If you serve files from S3 to the internet, CloudFront’s data transfer rates are lower than S3 direct egress ($0.085/GB vs $0.09/GB for the first 10 TB), and you get caching for free.

Use VPC Flow Logs to identify what’s flowing through your NAT Gateways. The Xplorr network cost view flags NAT Gateways with high processing fees, but flow logs tell you exactly which destination IPs/ports are responsible.

  • Running one NAT Gateway per AZ “for availability” without checking traffic. If only one AZ has significant outbound traffic, the other NAT Gateways just cost $32/month each for nothing.
  • Assuming VPC peering is free. Same-region peering has a $0.01/GB charge in each direction. Cross-region is $0.02/GB.
  • Ignoring inter-AZ charges in microservice architectures. A service-mesh with 100 requests/sec averaging 10 KB each across AZs costs roughly $52/month. Multiply by 20 services and it’s over $1,000/month.

Does Xplorr show network costs per service? Yes. The network cost view breaks down by service — you can see how much of your EC2 bill is data transfer vs compute.

Can I get alerts on network cost spikes? Anomaly detection covers network costs.

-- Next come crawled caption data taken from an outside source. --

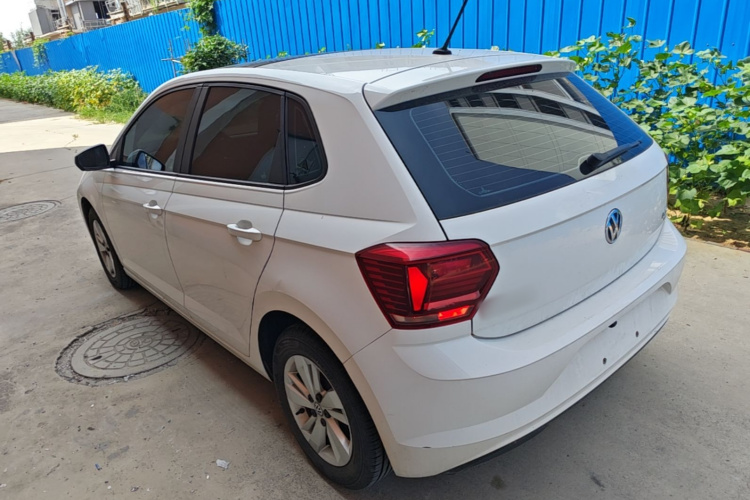Volkswagen Polo 2020 car image #5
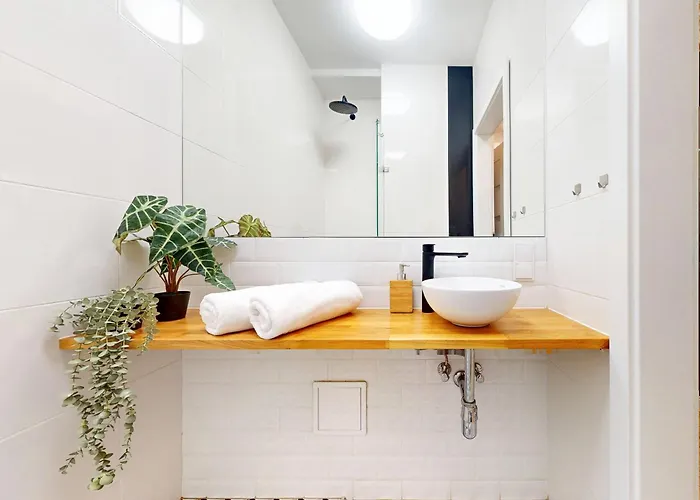 Eclipse Metro Wierzbno Mokotow *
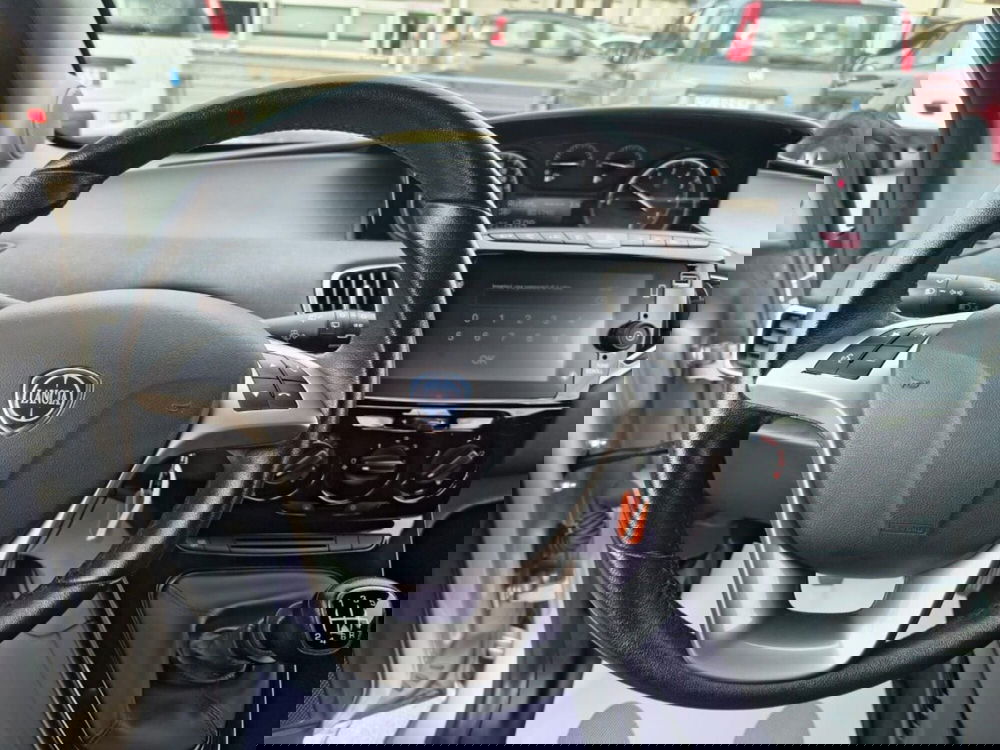 Lancia Ypsilon usata a Firenze (9)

If your NAT Gateway spend suddenly doubles, you’ll get an anomaly alert.

How granular is the data? Daily granularity per service and per region. For per-resource network costs, you’ll need VPC Flow Logs — Xplorr shows the aggregated billing-level data.

Does this work for multi-account setups? Yes. Network costs are broken down per account, and you can see cross-account data transfer costs if your accounts are connected.

  • NAT Gateway processing fees are the most common source of unexpected network costs. Audit them first.
  • VPC endpoints (especially S3 gateway endpoints) are free and can save hundreds per month.
  • Cross-AZ traffic is cheap per GB but expensive at scale in microservice architectures.
  • Use the Xplorr network cost view as a starting point, then dive into VPC Flow Logs for per-resource detail.